Presentation on evaluative language in online music criticism

The conference website

At the Contacts & Contrasts 2025: Opinions in Language, Media & Education conference, our team member Karolina Ryker delivered a presentation titled How do critics express their opinions in online music reviews? An analysis of evaluative language in online album reviews.Evaluative language is investigated in a specialised corpus of 120 online album reviews from Pitchfork, NME, and Slant Magazine (2021–2022), compiled for the purpose of the study. The central research question of the study is: What linguistic resources are employed to convey evaluative meaning in online album reviews? The study combines n-gram analysis in AntConc with manual annotation in QDA Miner qualitative analysis software. The research integrates two approaches: corpus analysis, which identifies frequent recurring phrases, and manual annotation, which captures implicit forms of evaluation that software alone cannot detect.
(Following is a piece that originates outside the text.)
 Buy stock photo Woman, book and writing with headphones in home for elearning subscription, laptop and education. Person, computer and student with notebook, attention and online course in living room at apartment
This mixed method reveals that critics rely heavily on implicit evaluation, often expressed through metaphor, pop‑culture references, and inventive multi‑part hyphenated compounds. These creative choices allow reviewers to communicate attitude, mood, and stance without always stating their opinions directly. The study shows that understanding music reviews, an example of creative art-related discourse, requires both quantitative tools and close qualitative reading. Only by combining the two can we see both the formulaic patterns and the imaginative language that shape how critics evaluate music.